But Curry has great position could mean that Curry is crippled with a broken neck laying on the floor and the guards are just bouncing the ball off of Curry's head, and that is why he is missing.


----------



## kukoc4ever (Nov 20, 2002)

remlover said:


> Someone tell Gordon its the 4th Q. He is suppose to rescue us.


Ask and you shall receive!


----------



## bullsville (Jan 23, 2005)

I can't believe we are about to blow another game to the Clips. 

At least the Magic and Pacers have sucked lately, so the #6 seed is safe for the foreseeable future.


----------



## dkg1 (May 31, 2002)

BabyBlueSlugga7 said:


> just trying to depict what our radio homer announcers are trying to say.
> 
> But Curry has great position could mean that Curry is crippled with a broken neck laying on the floor and the guards are just bouncing the ball off of Curry's head, and that is why he is missing.


 :laugh: classic!


----------



## ballafromthenorth (May 27, 2003)

1:01 left.. bulls timeout! down 1... what kind of play will skiles make up?


----------



## UMfan83 (Jan 15, 2003)

I love how he's like 6-16 but all we'll remember is a big 3 late


----------



## BG7 (Jun 25, 2003)

bullsville said:


> I can't believe we are about to blow another game to the Clips.
> 
> At least the Magic and Pacers have sucked lately, so the #6 seed is safe for the foreseeable future.
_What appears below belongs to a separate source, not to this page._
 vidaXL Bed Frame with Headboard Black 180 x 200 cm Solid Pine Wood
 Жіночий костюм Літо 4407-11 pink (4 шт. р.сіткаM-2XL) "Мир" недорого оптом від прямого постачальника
We are actually playing good ball lately since the Curry-Skiles saga ended lol.

The Wizards, Caveleirs, Pacers, Magic, 76ers are all slumping. There is no way we don't make the playoffs imho.


----------



## spongyfungy (Oct 22, 2003)

44 secs left. Clips up 1. Brunson to Brand jumper good. (these former Bulls are killing us!!!)

23 secs left. Duhon to Ben. fouled by Maggette. Clips have one to give.


----------



## dkg1 (May 31, 2002)

Good god, Othella bricks a 17 footer. just what we needed


----------



## Pay Ton (Apr 18, 2003)

It seems like threes are keeping us alive.


----------



## svanacore (Nov 21, 2004)

Big O, damn


----------



## bullsville (Jan 23, 2005)

BabyBlueSlugga7 said:


> just trying to depict what our radio homer announcers are trying to say.
> 
> But Curry has great position could mean that Curry is crippled with a broken neck laying on the floor and the guards are just bouncing the ball off of Curry's head, and that is why he is missing.


Thanks, I'm not listening real closely because the Yahoo is faster and I'm doing about 3 other things as well.


----------



## UMfan83 (Jan 15, 2003)

ballafromthenorth said:


> 1:01 left.. bulls timeout! down 1... what kind of play will skiles make up?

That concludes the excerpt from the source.